19 октября 1941 года председатель Моссовета Пронин объявил об осадном положении и комендантском часе. Но именно тогда по городу развесили огромные портреты Любови Орловой и объявили о ее предстоящих выступлениях в Москве. Многих москвичей такое объявление успокоило. Стало быть, положение не настолько ужасное. Узнали, что и Сталин не уехал с правительством в Куйбышев, а остался в Москве с москвичами. Это тоже успокаивало.

Зима 1941–1942 годов выдалась суровой. Почти во всех квартирах стояли печки-«буржуйки», которые очень трудно было достать. Но Анатолий привез «буржуйку» и нам, и Елене Александровне на Новослободскую улицу. Дрова стоили дорого. В керосинные лавки стояли громадные очереди. Чтобы хоть как-то согреться, жгли мебель, книги. С Калитниковского кладбища снимали деревянные кресты и ограды — все это шло в топку.

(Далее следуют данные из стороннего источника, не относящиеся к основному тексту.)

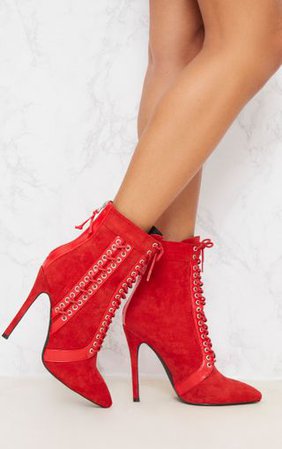 Red Lace Panel Pointed Heel Ankle Boot | PrettyLittleThing USA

Правительство ввело карточную систему, но хлебные карточки отоваривались с проблемами, так что очередь в булочную не расходилась даже во время бомбежек или обстрела, несмотря на настойчивые требования милиции и дружинников. Полученный хлеб дома делили на равные кусочки, чтобы всем хватило. Вместо масла по карточкам давали комбижир, пахнущий солидолом. Мыло было жидкое, жутко пахнущее и плохо промывающее волосы: в результате появились вши. На рынке можно было купить или обменять на ювелирные украшения и сало, и мед, и мясо, но цены были просто фантастические: они взлетели в среднем в тринадцать раз, а на некоторые продукты, например мед, в тридцать. Обманывали везде и всюду: принесенный с мороза кусочек сала порой оказывался стеарином, сахар — мелом.

Студентов кормили в столовой обедом: на первое — капуста с водой, на второе — капуста без воды, на третье — вода без капусты. Это означало: щи, капуста с постным маслом и чай без сахара, иногда морковный, а иногда и просто вода. Хотелось сладенького. Потом стали выдавать суфле. Это как сгущенное молоко, но только жидкое. Иногда давали патоку, темно-коричневая сладкая жидкость уже была радостью для нас.

После 1943 года появились ленд-лизовские посылки из США с яичным порошком, пресной тушенкой. Такие посылки часто привозил Анатолий. Ввели ордера на промышленные товары. Однажды мама (это произошло уже после войны) на ордер купила галоши, продала, получила деньги и счастливая пришла домой. На стол положила пачку десятирублевок. А Валера, которому в то время было четыре или пять лет, стал смотреть эту пачку и говорит: «Бабушка, а ведь это бумага». Оказалось, маме всучили «куклу». Вверху была настоящая десятирублевка, а остальные — аккуратно нарезанные бумажные листы, приклеенные и туго стянутые. Как же мама плакала!